Même si Rohani se rendait au mémorial de Yad Vashem, à Jérusalem, qu'il récitait les quatre millions de noms qui y sont conservés, puis qu'il se joignait aux chercheurs qui s'efforcent de retrouver les 2 autres millions de noms qui manquent, qu'est-ce que cela changerait ? Cela changerait-il le fait que le régime qu'il sert soutient le massacre de civils syriens ? Pour une raison quelconque, nous avons transformé la reconnaissance de la Shoah en test politique, comme si nous avions besoin qu'un Iranien vienne nous confirmer que nos arrière-grands-parents ont bien été massacrés il y a 70 ans. Tout cet exercice revient à tourner leur mémoire en dérision.

Ha'Aretz

Son analyse confirme s'il en était encore besoin que le souvenir du génocide des Juifs d'Europe par les nazis a acquis une place exceptionnelle dans la plupart des régimes mémoriels occidentaux, devenant en quelque sorte un étalon de la souffrance et de l'horreur confirmé notamment par la théorie du point Godwin.

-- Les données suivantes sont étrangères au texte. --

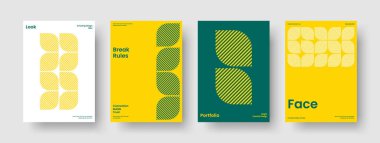 Yaratıcı Sancak Şablonu. İzole edilmiş iş sunum düzeni. Modern Flyer Design. Broşür. Poster. Rapor verin. Kitap kapağı. Geçmişi. Not defteri. Broşür. Haber bülteni. Günlük. Dergi. Portföy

Or, Anshel Pfeffer considère que cette situation est un piège des ennemis d'Israël qui risque de se refermer sur son pays. Jusqu'à présent, la vision binaire autour de l'Holocauste permettait bien des raccourcis : nier son existence revenait en effet à être classé dans les rangs des ennemis d'Israël qui considèrent que ce pays instrumentalise la mémoire victimaire de l'évènement pour justifier son existence et ses droits sur la Palestine.

Les nouveaux dirigeants iraniens semblent décidés à sortir de cette caricature stérile en acceptant de reconnaître l'existence de l'Holocauste, ce qui leur permettra désormais d'entrer dans le débat pour mieux mettre en lumière ce qu'ils considèrent comme "le talon d'Archille des sionistes". En somme, il s'agit de démontrer que la Shoah a certes été une catastrophe, au même titre que le génocide des Arméniens, l'esclavage... et l'occupation de la Palestine depuis 1948 !

Nous n'avons pas la prétention sur ce site d'affirmer que les prises de position récentes du régime iranien relèvent d'une telle stratégie. Seul un témoignage officiel permettra peut-être un jour de confirmer ce qui apparaît pour le moment comme une très forte présomption de manipulation géopolitico-mémorielle. Si tel est le cas, les conséquences seront exceptionnelles, tant d'un point de vue géopolitique que mémoriel.